This module encapsulates the description data and provides methods for manipulating that data. It was initially developed as an Apache incorporated tool for the mod_perl development. The idea beside was pretty simple -- to provide developers with the tree of all available perl modules installed on the system and make all sources and documents viewable on network.
As a side effect of the first developed prototype, it appeared to be usefull additionally from the standpoint of proper configuration of @INC array on the system, particularly regarding the fact that some perl modules could be shaded by other ones carrying the same CPAN class name. It appears to be pretty easy to mark all shaded modules on the tree, providing helpful information for the system administrator.

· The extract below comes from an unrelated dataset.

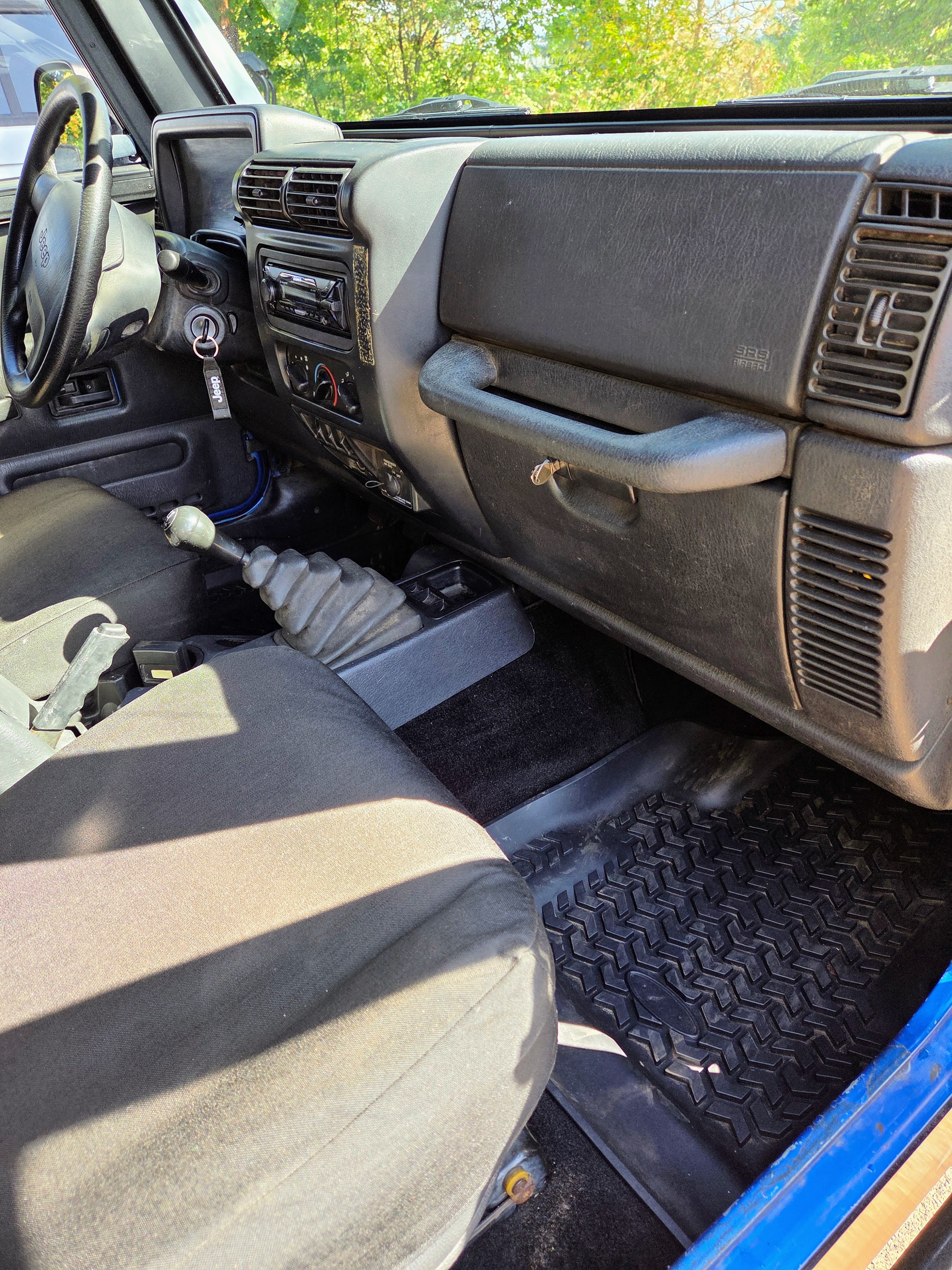 Used 2003 Jeep Wrangler SE AWD/4WD image 25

It was noticed additionally that the process of creation of the tree is extremely time consuming, especially on busy web servers equiped with rich Perl libraries. On the other hand, the content of the libraries remains unchanged usualy pretty long time that is measured in days and weeks. So far, the separation of the process of creation of the tree from the process of deployment of the view to the client browser seems beneficial from the prospective of improvement of performance on busy systems. That was the main reason of creation of this module, making it possible to use the same API from the command line script or one running under the cron control.
Despite the initial purpose, this version of the module is in no way associated with any real @INC array on the system. Instead, this module works with so-called pseudo_INC incoming array that might be, or might be not directly associated with current @INC for a particular user/process on the system.
Object Identification
It is sometimes required to keep several @INC descriptions on one system. This mainly depends on the fact that @INC is often user-cpecific. Apache::App::PerlLibTree is capable of managing several descriptions simultaniously when every description has a unique name.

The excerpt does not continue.